Erlay: Bandwidth-efficient transaction relay for bitcoin
Gleb Naumenko (tomatodread)
https://twitter.com/kanzure/status/1171744449396953090
paper: https://arxiv.org/abs/1905.10518
Introduction
Hi, my name is Gleb. I work at Chaincode Labs. I am working on making nodes better and stronger and make the network more robust. I've been working on erlay with Pieter and Greg and some other guys.
Bitcoin p2p network
There are private nodes that are behind firewalls like ones run at home. If your node is connected to a router, your router tries to protect you from the internet accessing your endpoint. There's about 60k bitcoin nodes like that on the network today. There's also about 10k nodes that are open to the network and allow private nodes to connect with them. Without public nodes, the network would not really be functional.
Private nodes run at home have a default of 8 outbound connections while public nodes will do the same but they also accept connections. So by default they have 125 inbound slots. I would say that this is a really simplified structure. There is a network of universities that are connected to each other and available to each other, and closed from the internet. So it may be even more complex, but this general structure is enough for us to do research regarding transaction relay.
The bitcoin network is used to relay transactions. You want to be able to send and receive money. Transaction relay is the most important feature of bitcoin, I would say.
The bitcoin network is redundant because it's probably enough to connect to one node and learning everything from it, like transactions and blocks. But it is redundant so that we have more security. For example, your one connected peer might be malicious. You double check what you get against multiple peers. The chance that all 8 of your connections are malicious is pretty low outside of sybil attacks. By increasing connectivity, you lower it even more. Redundany provides security.
Currently, transactions are relayed through the network by flooding which means you announce the transaction to all of the peers except the one you received the transaction from. This is how transactions are relayed through the network. Within a few seconds, every node in the network knows about your transaction.
Lifecycle of a bitcoin transaction
A transaction gets created and signed, then it's relayed to other nodes, it's validated by other nodes, and then it's included in a mined block, then a block is relayed and validated, and then more blocks are mined on to pof that block, and finally the transaction is confirmed. My work focuses on transaction relay, which is important to get transactions included in a block eventually.
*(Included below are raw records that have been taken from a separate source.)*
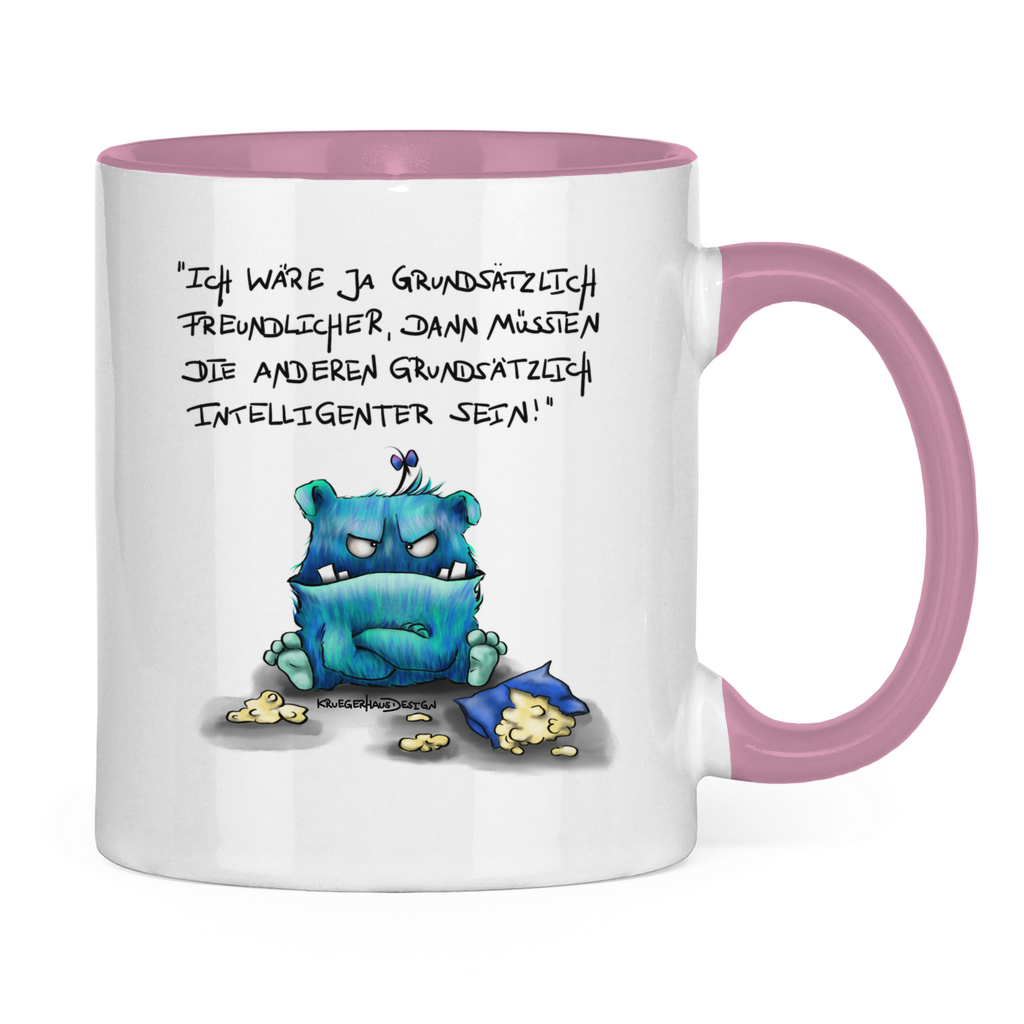 Tasse zweifarbig Ich wäre ja grundsätzlich freundlicher, dann müssten die ...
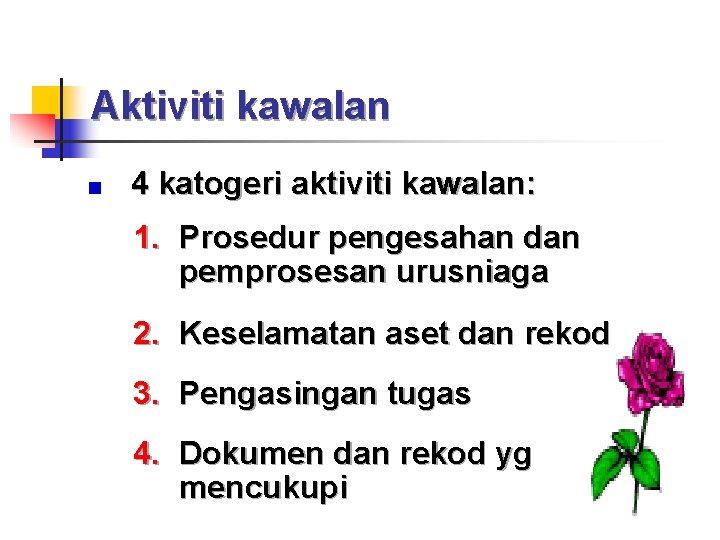 Aktiviti kawalan 4 katogeri aktiviti kawalan: 1. Prosedur pengesahan dan pemprosesan urusniaga 2. Keselamatan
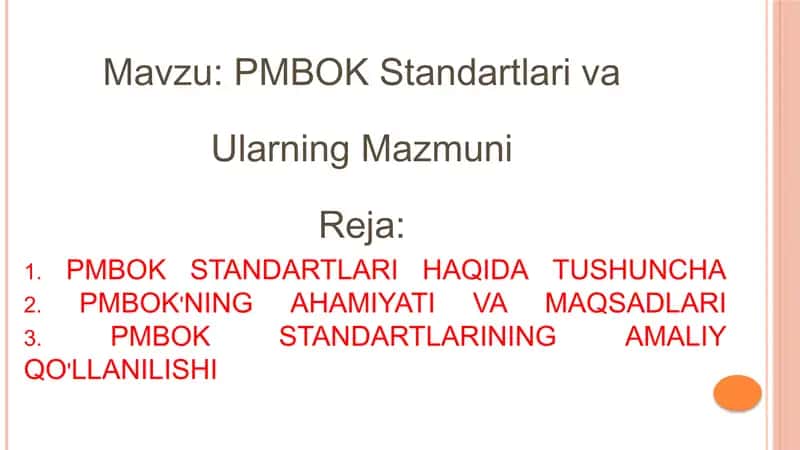 PMBOK Standartlari va Ularning Mazmuni 1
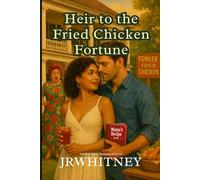 Heir to the Fried Chicken Fortune: A Southern Fried Rom-Com of Feuds, Faith, and Finger-Lickin’ Love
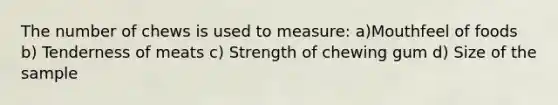 The number of chews is used to measure: a)Mouthfeel of foods b) Tenderness of meats c) Strength of chewing gum d) Size of the sample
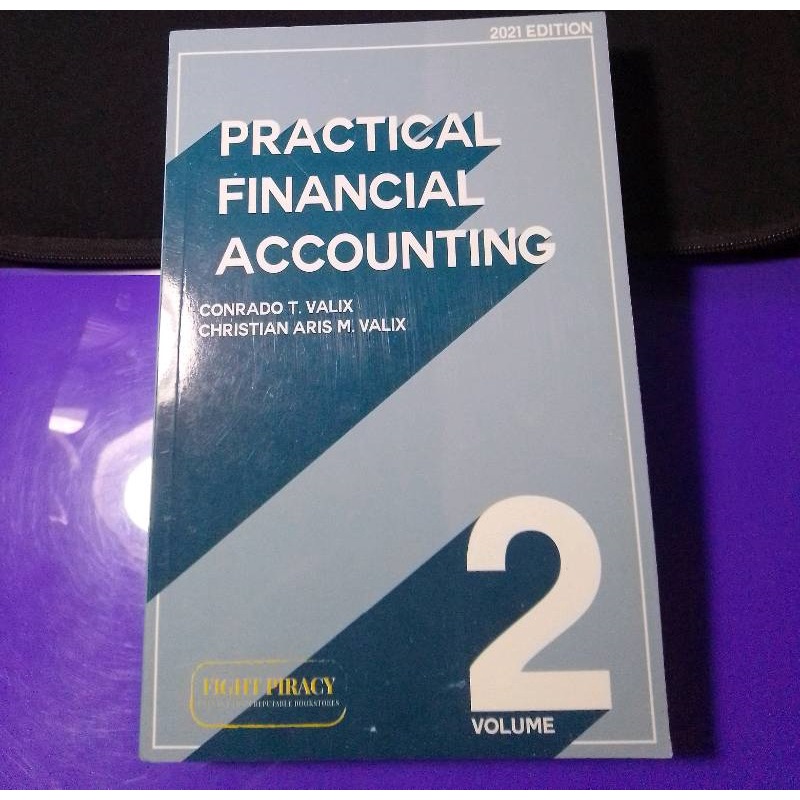 PRACTICAL FINANCIAL ACCOUNTING Volume 2 (2019 & 2021 Edition) - Valix ...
Properties of transaction relay
The fundamental properties of transaction relay are bandwidth, latency and privacy and security. You can measure bandwidth in bytes. The latency is how long it takes for a transaction to be relayed across the network. How long does it take for one transaction to be relayed from one node to all the nodes in the network. For privacy and security, the concern is how easy is it for surveillance spies to detect a link between addresses and nodes. We're doing our best to prevent that kind of analysis from being viable.
There are other interesting rpoperties like complexity of the code. We don't want to implement something very complex in bitcoin because it makes code review difficult and introduces additional bugs. But these are some of the fundamental properties.
Current protocol (BTCflood)
I would call the current protocol BTCflood. You receive a transaction, and then you flood it to everyone. A typical node uses 18 GB/month to relay transactions if you're a private node. Much more bandwidth for a public node of course. 18 GB/month is fine for most nodes in the United States but some ISPs have hidden data caps. This is pretty bad for Asia and Africa. You can analytically measure how many announcements you need in a network to relay the transactions, based on seeing the transactions in a block it can be estimated.
Latency is where you measure how long it takes for all the nodes to know about a transaction. It seems to be about 3.15 seconds to reach all the nodes.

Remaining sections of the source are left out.